- [TASK TO CARRY OUT] Omit all pictures, then repeat the listing exactly.

# # # # #

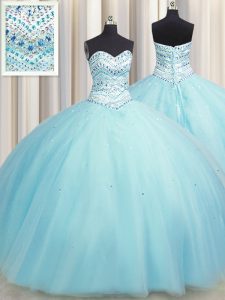 Classical Bling-bling Big Puffy Tulle Sleeveless Floor Length Quinceanera Gown and Beading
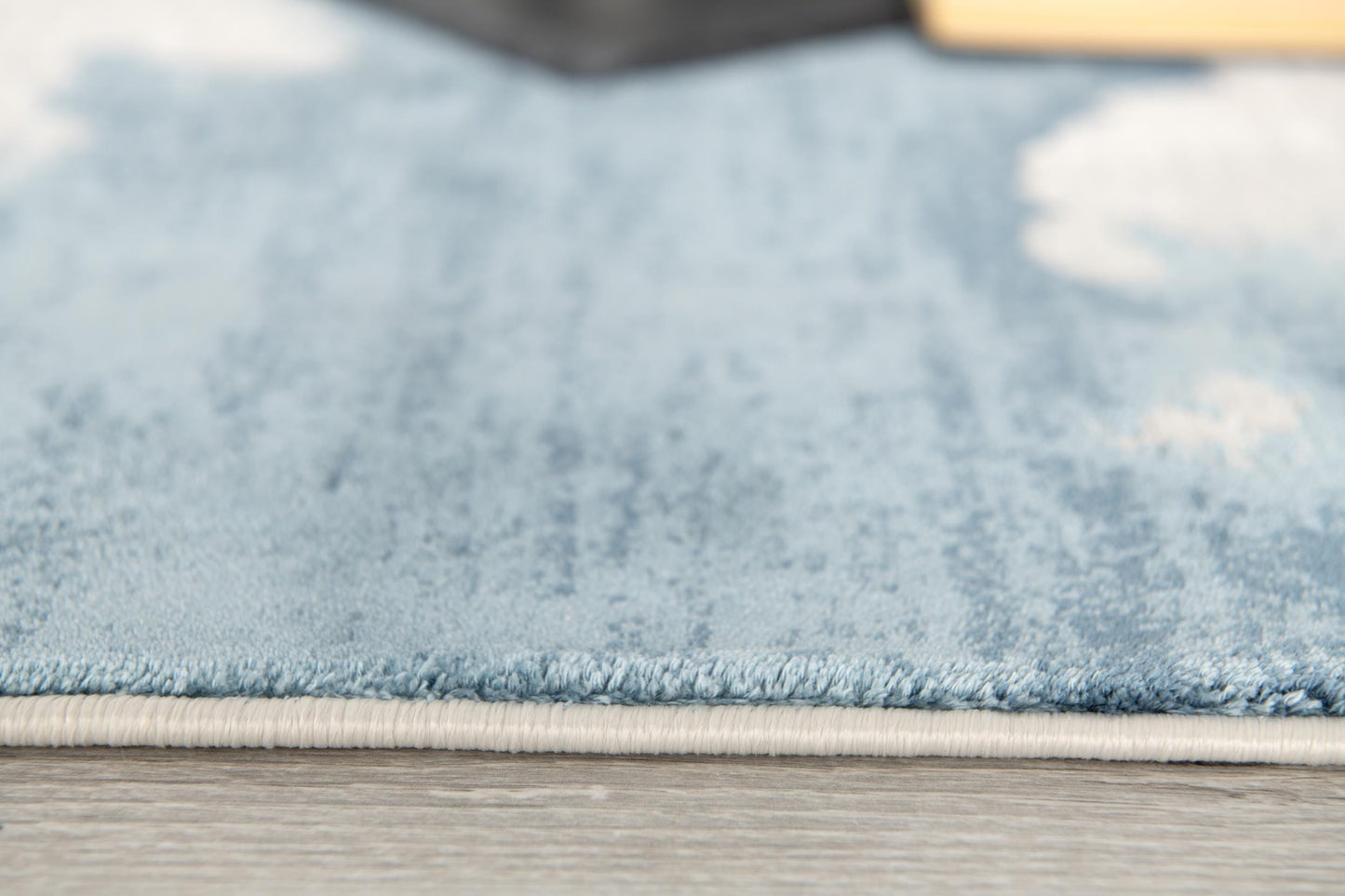 Kumo Abstract Cloud Contemporary Blue and Grey Indoor Rug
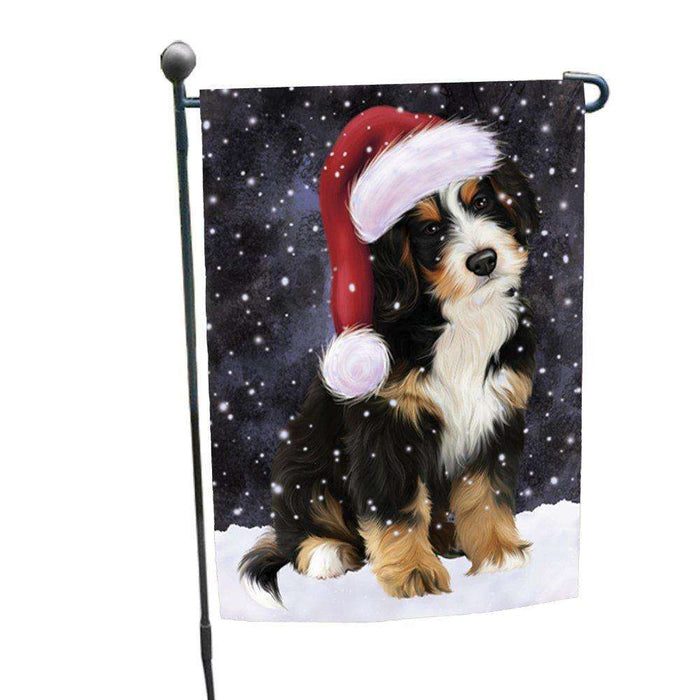 Let it Snow Christmas Holiday Bernedoodle Dog Wearing Santa Hat Garden Flag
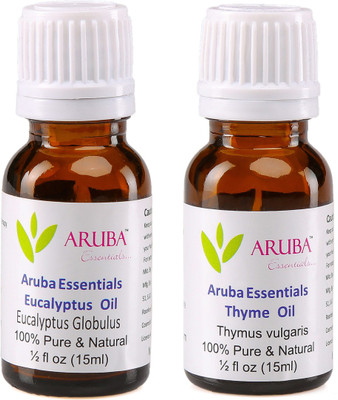 

Aruba Essentials Eucalyptus Oil & Thyme Oil 100% Undiluted Combo of 15 ml each(30 ml)
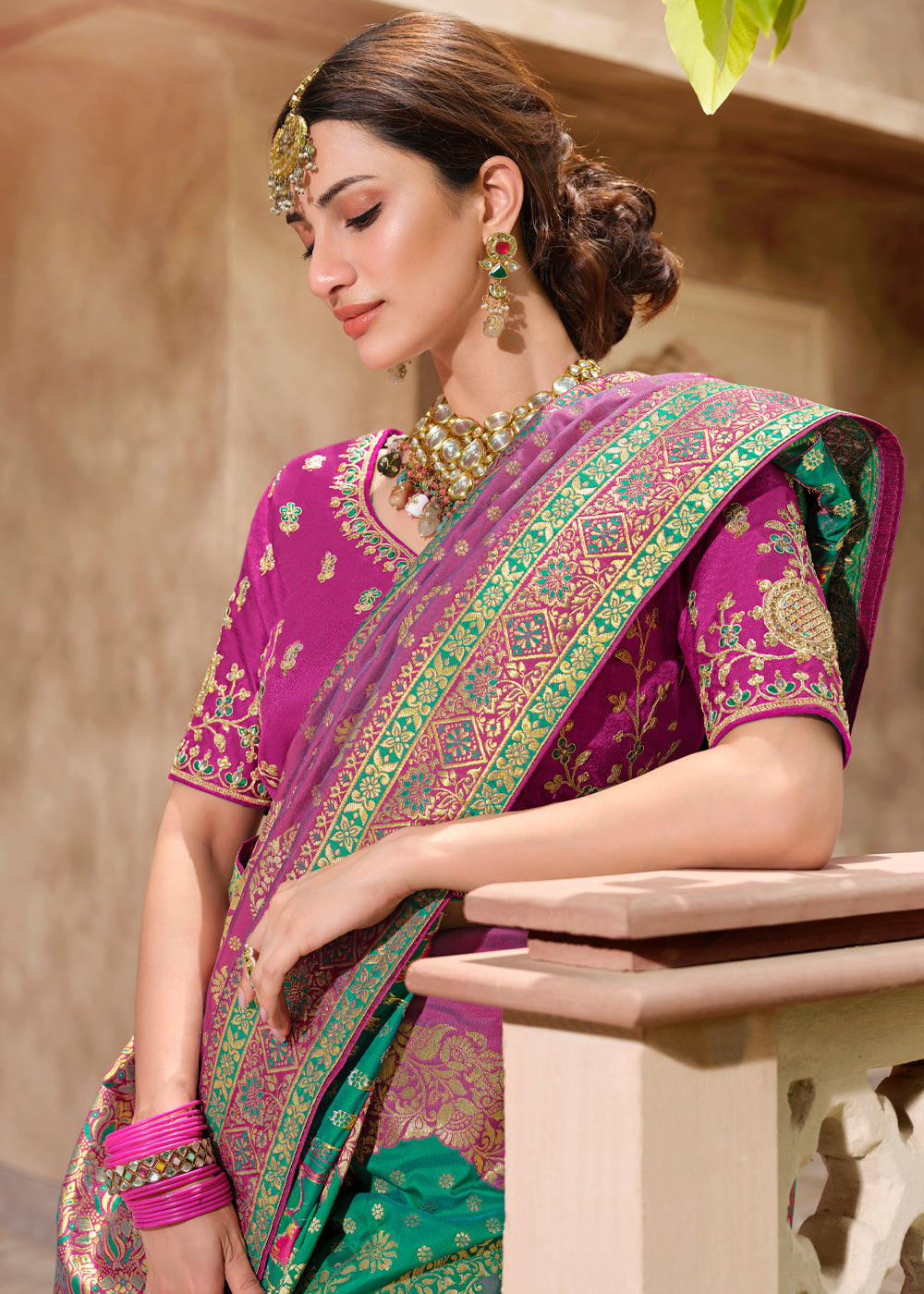 Pine Green and Purple Woven Designer Banarasi Silk Saree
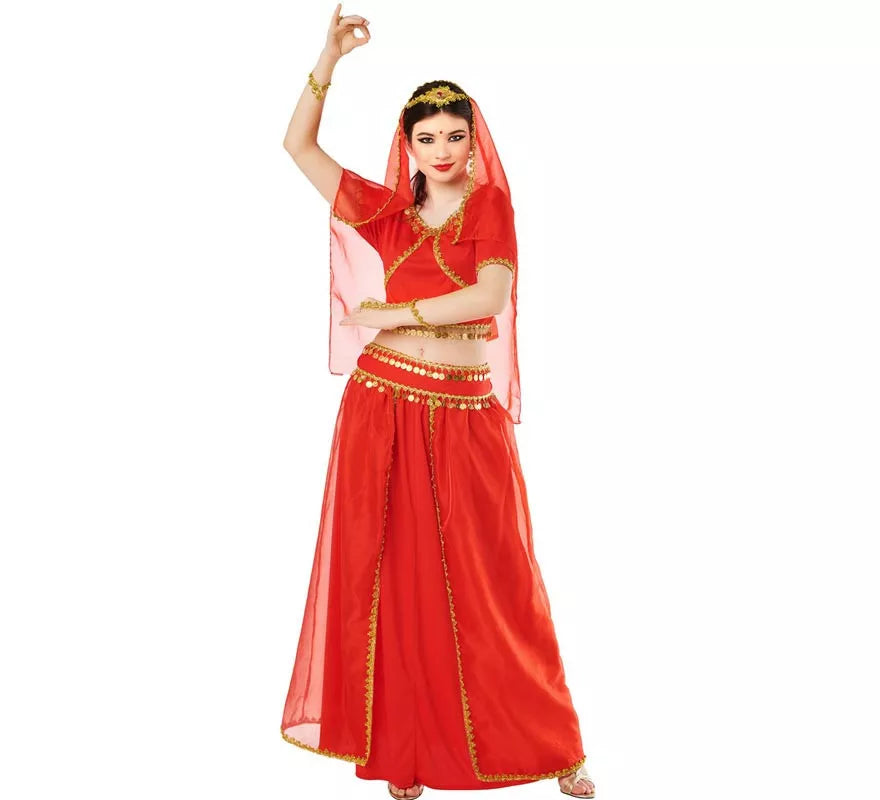 Translation missing: de.Disfraz de Hindú Bollywood rojo vibrante para mujer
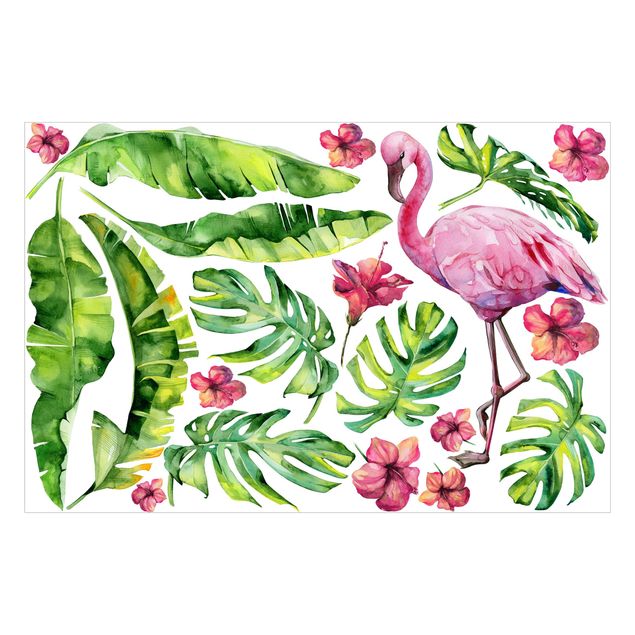 Pellicola vetro Set di foglie botaniche Jungle Flamingo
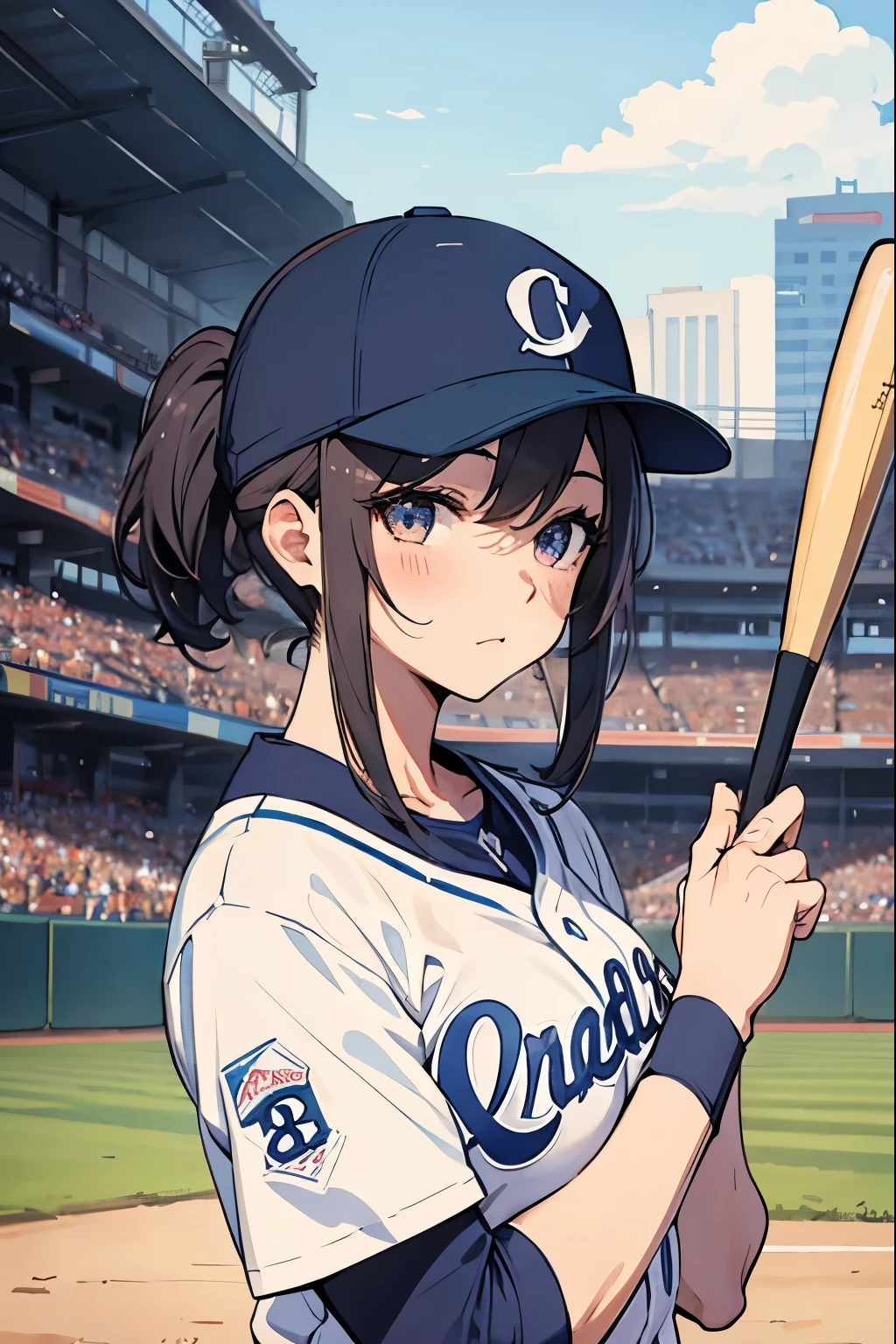 baseball player、Beauty、Pen.、Hold the bat with both hands、Baseball uniform、Upper Body、Innocent expression、Sexy、Large breasts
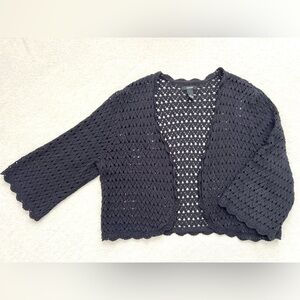 Alfani Black Open-Knit Crochet 100% Cotton Cropped Half Flare Sleeve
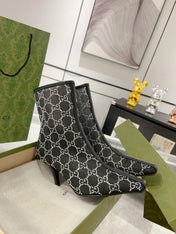 ANKLE BOOTS IN BLACK MESH AND SHEEPSKIN WITH GG CRYSTALS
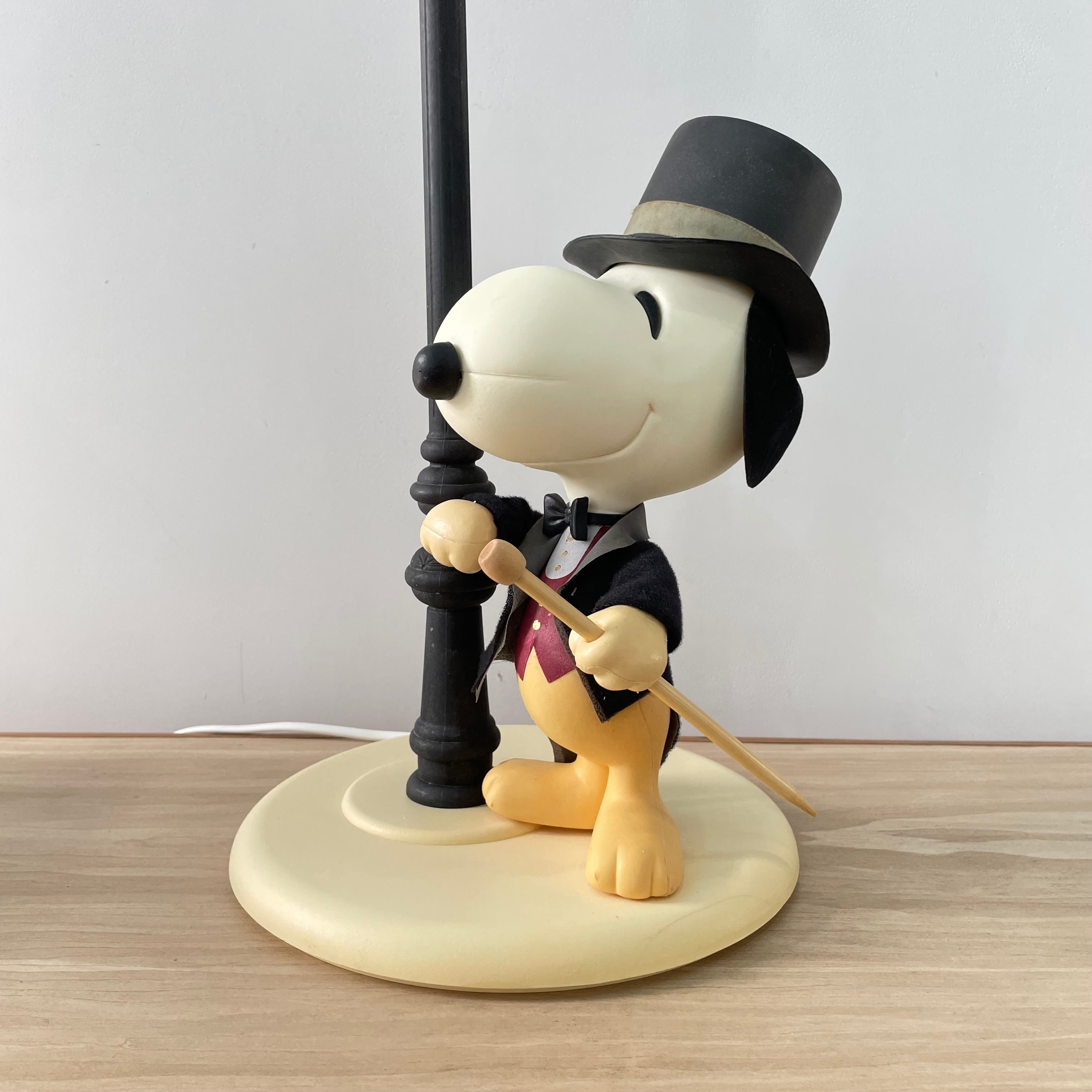 Vintage 1970s Nuova Linea Zero Snoopy Lamp Italy - Peanuts Top Hat Cane Light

# # # # #

- [RESULT BELOW]
 Classical Bling-bling Big Puffy Tulle Sleeveless Floor Length Quinceanera Gown and Beading
 Kumo Abstract Cloud Contemporary Blue and Grey Indoor Rug
 Let it Snow Christmas Holiday Bernedoodle Dog Wearing Santa Hat Garden Flag

Aruba Essentials Eucalyptus Oil & Thyme Oil 100% Undiluted Combo of 15 ml each(30 ml)
 Pine Green and Purple Woven Designer Banarasi Silk Saree
 Translation missing: de.Disfraz de Hindú Bollywood rojo vibrante para mujer
 Pellicola vetro Set di foglie botaniche Jungle Flamingo
 baseball player、Beauty、Pen.、Hold the bat with both hands、Baseball uniform、Upper Body、Innocent expression、Sexy、Large breasts
 Alfani Black Open-Knit Crochet 100% Cotton Cropped Half Flare Sleeve
 ANKLE BOOTS IN BLACK MESH AND SHEEPSKIN WITH GG CRYSTALS
 Vintage 1970s Nuova Linea Zero Snoopy Lamp Italy - Peanuts Top Hat Cane Light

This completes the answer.